So the key to the wide acceptance of this bill among lawmakers is whether they accept the notion of broadband service providers necessarily being “cable operators.” Satellite and DSL providers would certainly disagree. But the notion of federalizing the franchising system for telecommunications is very popular among both Republicans and Democrats, and many would argue that the simplest and easiest way to accomplish this on a nationwide scale is simply by amending the current context of telecom service rather than replacing it altogether with a whole new acronym.

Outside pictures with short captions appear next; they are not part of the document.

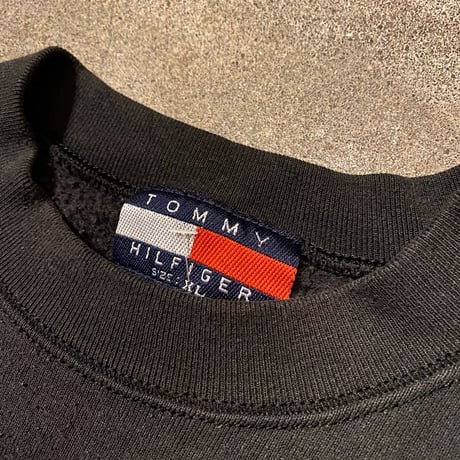 TOMMY HILFIGER　sweat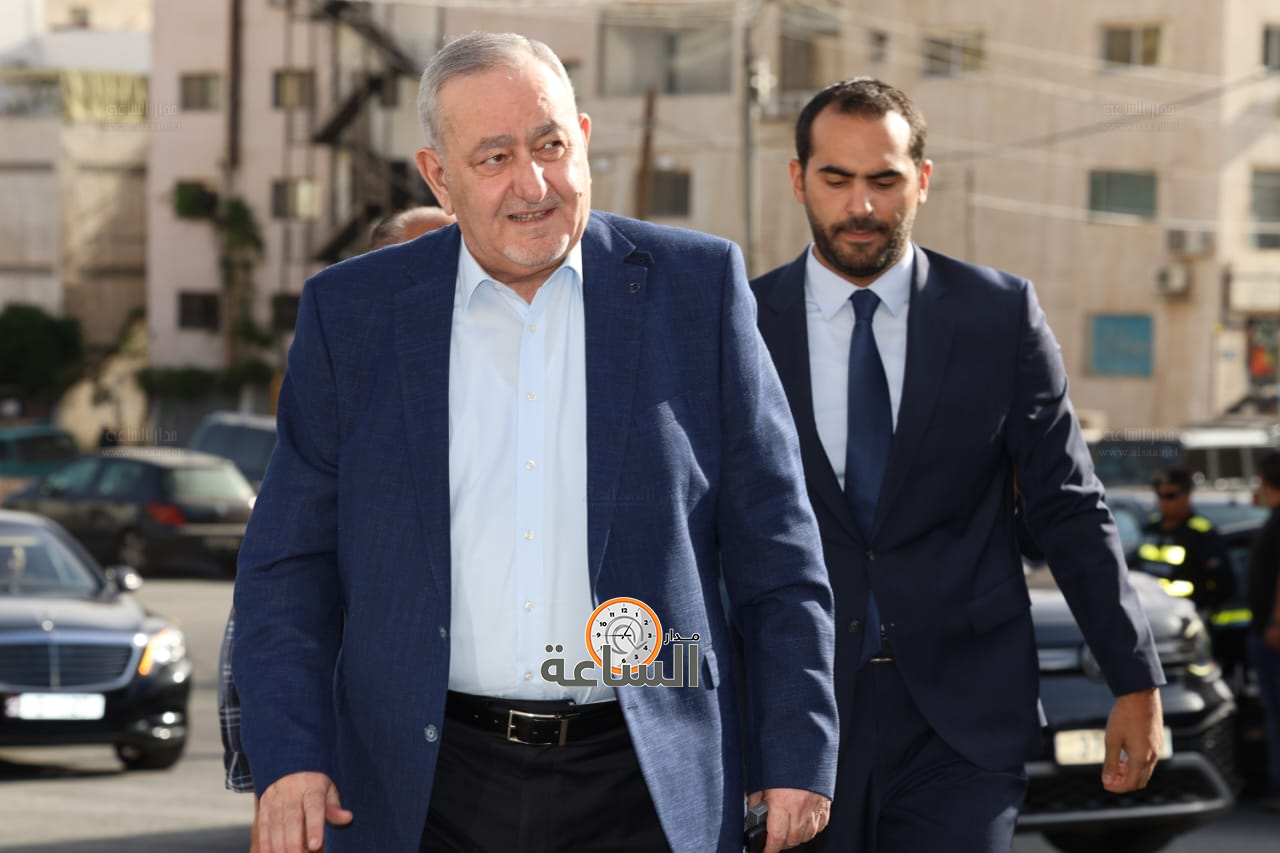 Madar Al-Saa Images 0.49299595617390524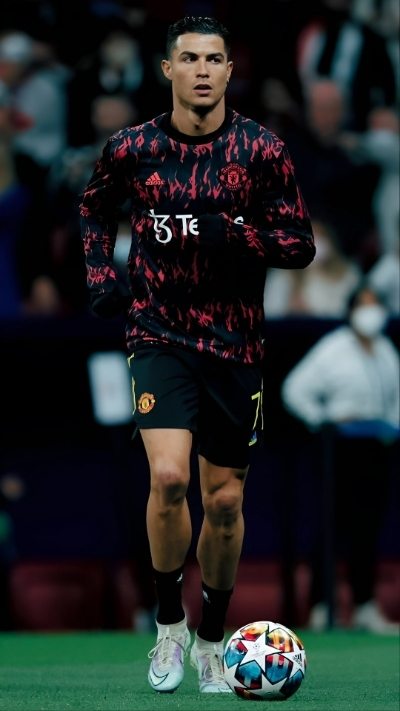 hình cr7 ở mu cực ngầu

“Cable service is interstate in nature, as the Supreme Court has long recognized,” Rep. Barton noted. “Most video programming carried on cable systems is produced by national networks, and distributed across state lines to a national audience. Cable systems are also carrying increasing amounts of Internet-based video, voice, and data services across state, as well as national, borders. Today, there are thousands of local franchising authorities, and each imposing disparate restrictions on the provision of cable services in its particular franchising area. The requirement to negotiate such local franchises, and the patchwork of obligations local franchising authorities impose, are hindering the deployment of advanced broadband networks that will bring increasingly innovative and competitive services to the consumers.”
If companies like Google and Yahoo are willing to pay a premium to these incumbents…they’re going to pay, and they’re going to get a good response.
But just how innovative would these services be, opponents of the bill are asking, if cable operators are given exclusive authority to arbitrate just what those services are? “The owners of the broadband wires into our homes,” argued Rep. Edward J. Markey (D – Mass.), ranking member of the Subcommittee, “want to artificially constrain the supply of Internet-based content and services to high-bandwidth consumers. This represents nothing more than the imposition of a broadband bottleneck tax on electronic commerce. Such a bottleneck tax for accessing consumers will undoubtedly have a chilling effect on investments and innovation.
“There are some out there who will inevitably ask the question, ‘But why shouldn’t Google pay?'” Rep. Markey continued. “Google certainly has a very large market cap, and presumably could afford to pay. But that is precisely the wrong question to ask. The question to ask is whether [Google founders] Larry Page and Sergei Brin could have afforded to pay around 1998; whether ‘chief Yahoo’ Jerry Yang could have afforded to pay a broadband behemoth around 1995; whether Mark Andreesen, the founder of Netscape, could have afforded to pay anyone anything around 1994. If there is an entrepreneur in some proverbial garage, somewhere today, whose idea is new, whose product is still in beta, their dreams are just as real and valid as Sergei’s and Larry’s and Jerry’s and Mark’s were an Internet generation ago.”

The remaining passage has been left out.